Illustrative images of CAMK2N1 (A, B and C) and WNT5A (D, E and F) immunoexpression in PCa tissues, considering the 3-tiered immunoscore: immunoscore 1 (A and D), weak expression ≤ 50% of cells, immunoscore 2 (B and E), weak expression ≥ 50% of cells or moderate expression ≤ 50% of cells, and immunoscore 3 (C and F), moderate expression in > 50% of cells or intense expression, typically > 50% of cells.(Click on the image to enlarge.)
Immunoexpression of CAMK2N1 and WNT5A in prostate tissue samples (Cohort#3). Distribution among Cohort#3 groups of (A) CAMK2N1 immunoexpression and (B) WNT5A immunoexpression.(Click on the image to enlarge.)
In multivariable analysis, CAMK2N1 and WNT5A did not disclose independent prognostic value, although a trend for WNT5A expression levels independently predict DFS was disclosed (p=0.056).

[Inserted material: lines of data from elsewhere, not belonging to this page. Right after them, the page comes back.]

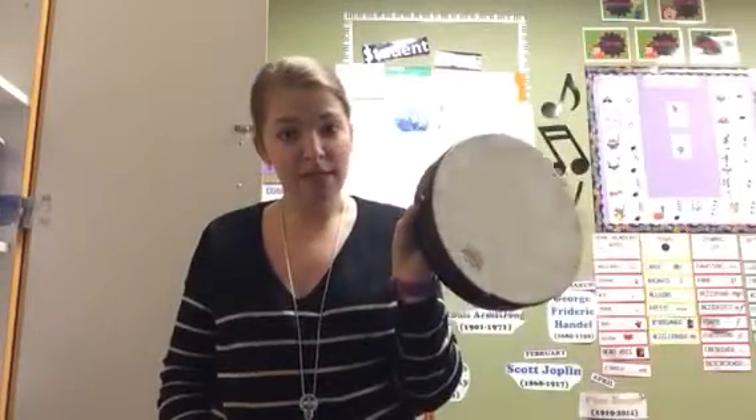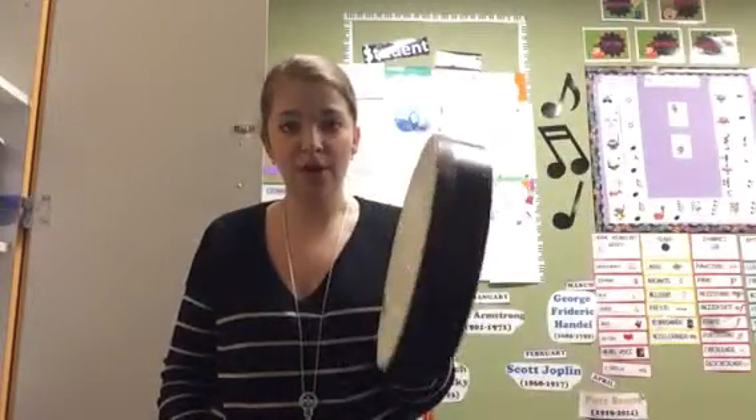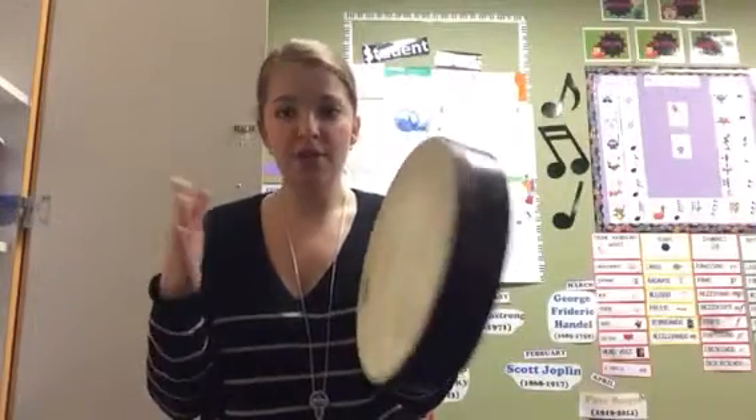This is called a hand drum, and to play it, you need to hold it in one hand, straight up and down like this — not like this, and absolutely not on the ground. Straight up and down, and then hit it with your other hand.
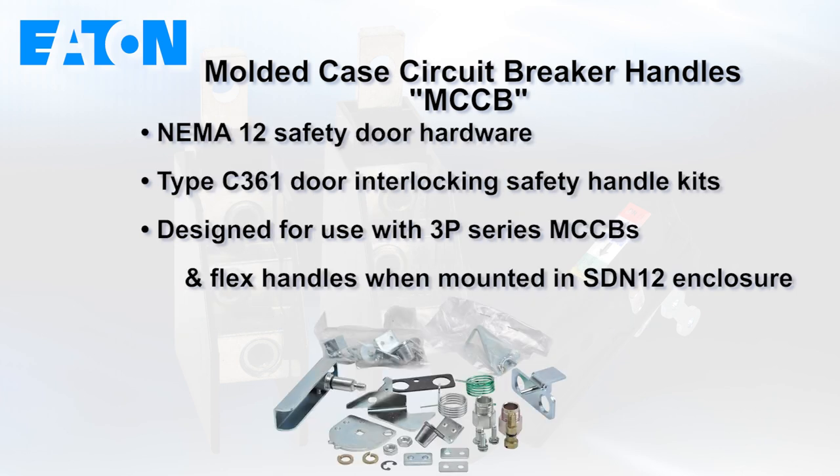Another great addition to Eaton MCCB accessories is the NEMA 12 safety door hardware. These are type C361 door interlocking safety handle kits designed for use with 3P series MCCBs and a flexible handle when mounted in an SDN 12 or equivalent enclosure.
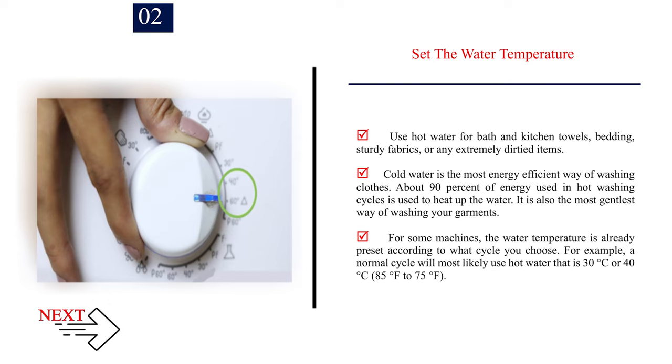For some machines, the water temperature is already preset according to what cycle you choose. For example, a normal cycle will most likely use hot water that is 30 to 40 degrees Celsius, or 85 to 75 degrees Fahrenheit.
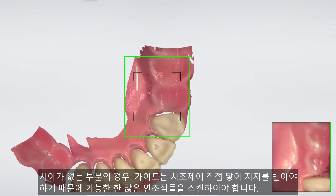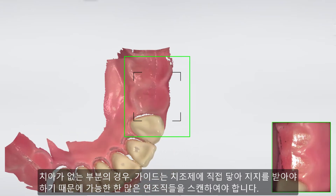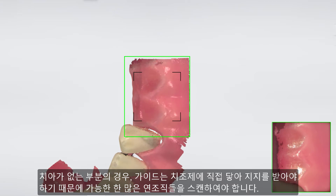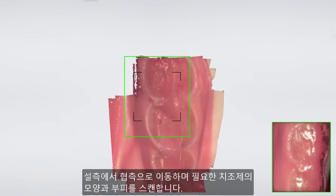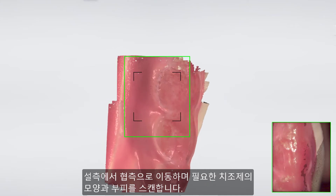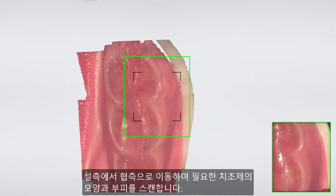For toothless areas, scan as much of the soft tissue as possible, because the guide will later rest directly on the crest and get support from it. Use the shape and the volume of the crest, riding from lingual to buccal, scanning the area we need.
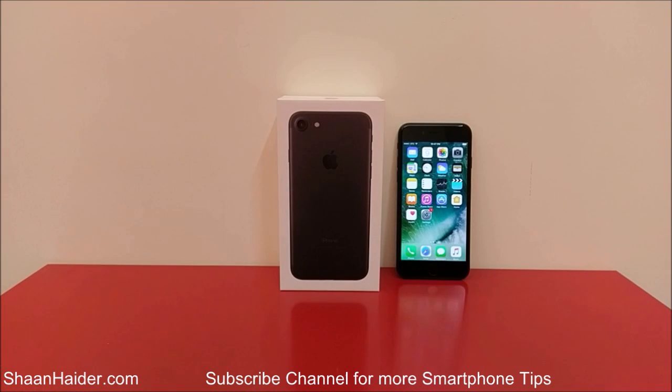Hey guys, this is Shan from ShanHitay.com and in this video I'm going to show you how to take a screenshot on your Apple iPhone 7, iPhone 7 Plus, or any of the iPhone smartphones.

CAMK2N1 and WNT5A immunoexpression in primary and metastatic PCa
CAMK2N1 and WNT5A immunoexpression assessment was carried out in 45 NPT, 94 PCa (pT2a+b and pT3b; Figure 3) and 57 PCa metastases (MET). These two genes were selected owing to the correlation found with pathological features and survival. Somers' D test disclosed significant differences in expression for both genes (Figure 4A and 4B) (p<0.001, for both). Lowest expression was displayed by NPT whereas an increase in the proportion of cases with higher expression was apparent from PCa-pT2a+b to PCa-pT3b and MET, for both CAMK2N1 and WNT5A (CAMK2N1: v=0.418, p<0.001; WNT5A: v=0.347, p<0.001).
A similar trend was apparent for WNT5A, but not CAMK2N1, immunoexpression according to GS category, with higher categories depicting higher proportion of cases with high immunoexpression (Somers' D: v=0.227, p=0.013).

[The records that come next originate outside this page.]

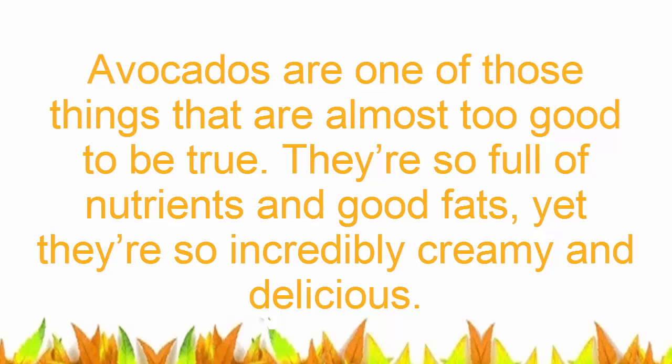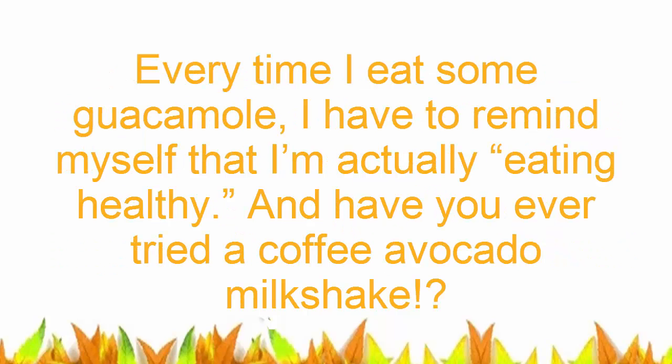Avocados are one of those things that are almost too good to be true. They're so full of nutrients and good fats, yet they're so incredibly creamy and delicious. Every time I eat some guacamole, I have to remind myself that I'm actually eating healthy.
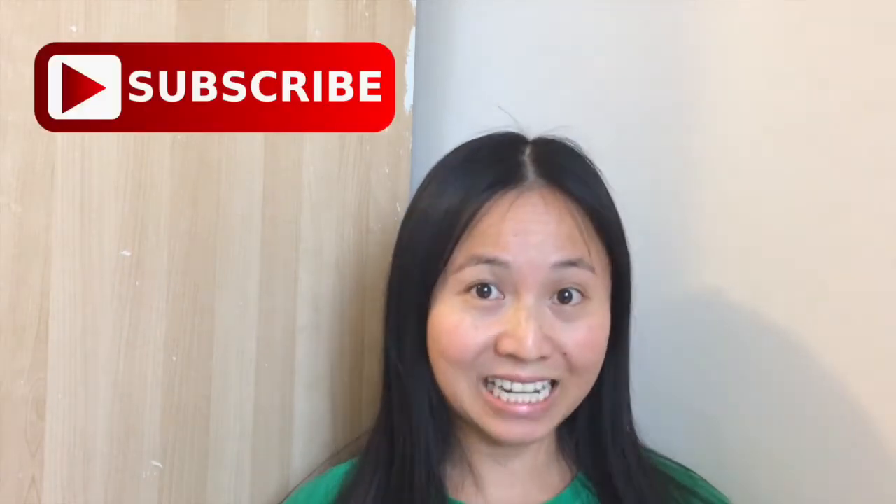Thank you guys so much for watching. If you'd like to see more videos like this — DIYs or essential oils — please leave me a comment below. Also remember to like this video and subscribe to my channel. See you next week!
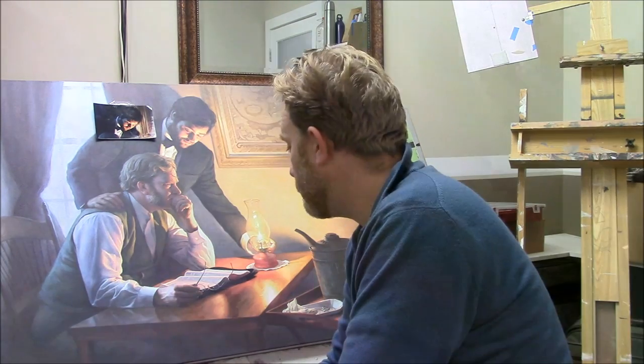Hi, this is Matt Filio from Fine Art by Matt Filio. I'm inviting you to a weekly art tip session where I plan to show you some work I'm doing here in the studio.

Survival analyses, however, did not disclose significant associations between CAMK2N1 or WNT5A immunoexpression and prognosis.

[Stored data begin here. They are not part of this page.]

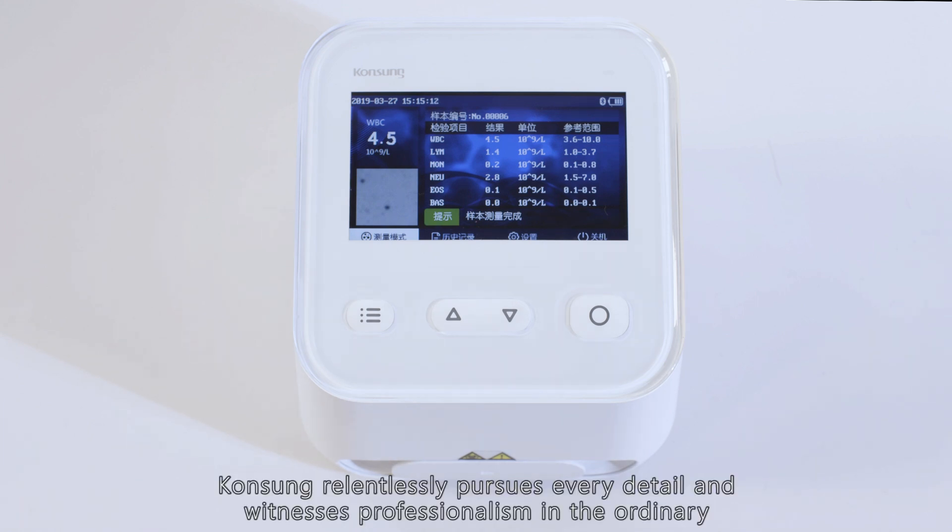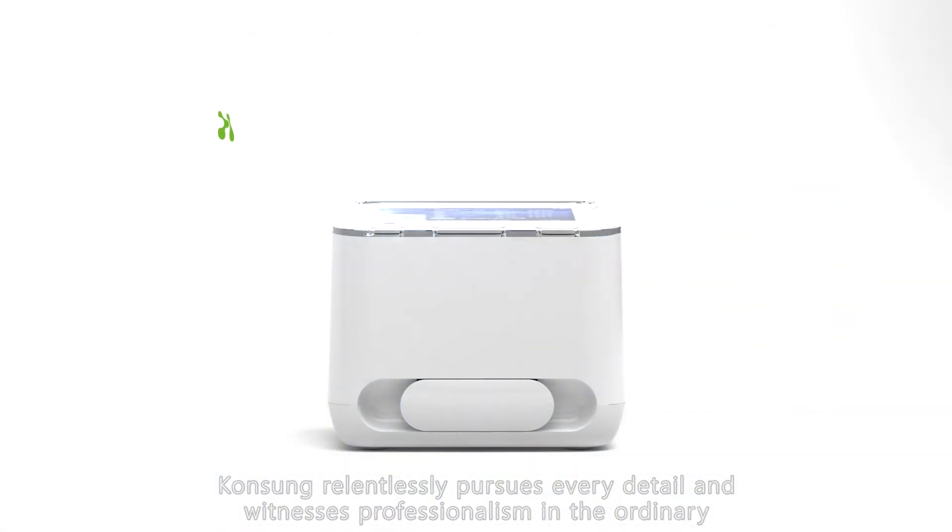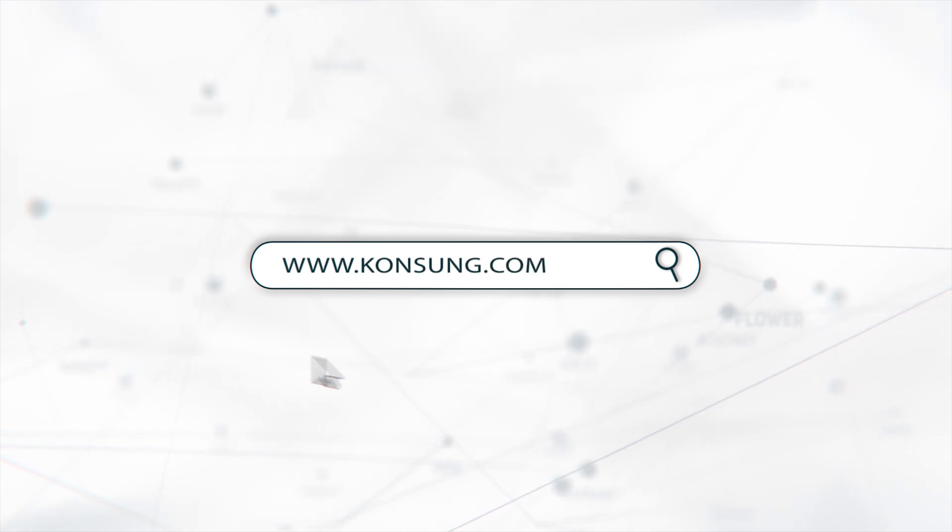Kone Sung relentlessly pursues every detail and witnesses professionalism in the ordinary. The Kone Sung White Cell Analyzer is an exquisitely crafted and precise POCT device.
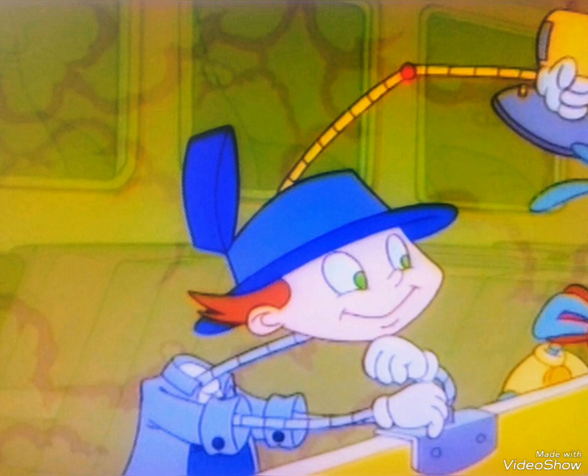10, 1, 2, buckle my shoe, 3, 4, open the door, 5, 6, pick up the sticks, 7, 8, now lay them straight.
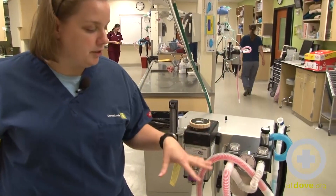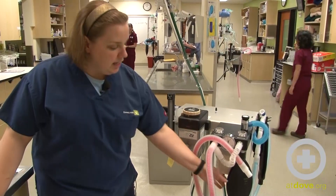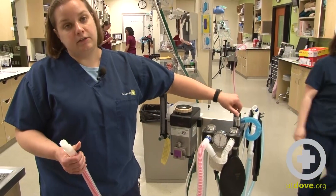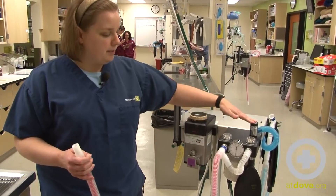So what you want to do first is get all of your equipment hooked up. For this patient, I have a pediatric anesthetic circuit and then a 2-liter reservoir bag. You're going to start by closing your pop-off valve. Your anesthesia machine may look a little bit different than this, but it's going to have all of the same parts to it. So close your pop-off valve.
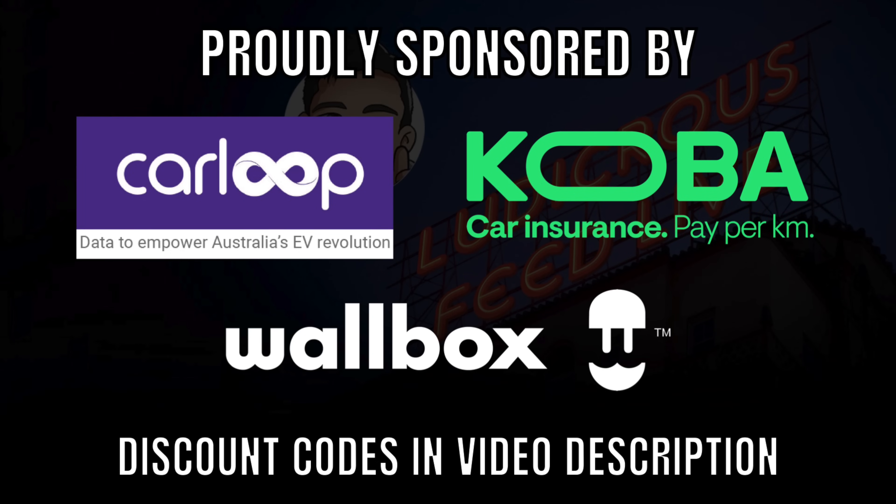Ludicrous Feed is proudly sponsored by Carloop Data, Kobo Car Insurance and Warbox EV Chargers.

In silico validation in the TCGA database
A complete description of the PCa TCGA cohort can be found at . Briefly, it includes 498 patients, with a median age at diagnosis of PCa of 61 years. In this series, like in ours, both CAMK2N1 (p<0.0001) and WNT5A (p<0.001) are significantly upregulated in pT3b cases, when compared to pT2 tumors (Figure 5A and 5D). Also, again reproducing results in our cohort, higher Gleason score cases showed significantly higher expression of these players when compared to lower Gleason score tumors (Figure 5C and 5F).
In silico analysis of the TCGA database concerning CAMK2N1 and WNT5A. A-C: Differential mRNA expression of CAMK2N1 according to pT stage (A), pN stage (B) and Gleason Score (C). D-F: Differential mRNA expression of WNT5A according to pT stage (D), pN stage (E) and Gleason Score (F). G - Disease/progression-free survival of prostate cancer patients according to CAMK2N1 alterations.(Click on the image to enlarge.)
Additionally, CAMK2N1 was found to be significantly upregulated in pN1 tumors when compared to pN0 (p<0.0001), although this was not observed for WNT5A (Figure 5B and 5E). Patients with alterations in CAMK2N1 also displayed significantly worse disease/progression-free survival when compared to those without deregulation of this gene (p=0.0028, Figure 5G).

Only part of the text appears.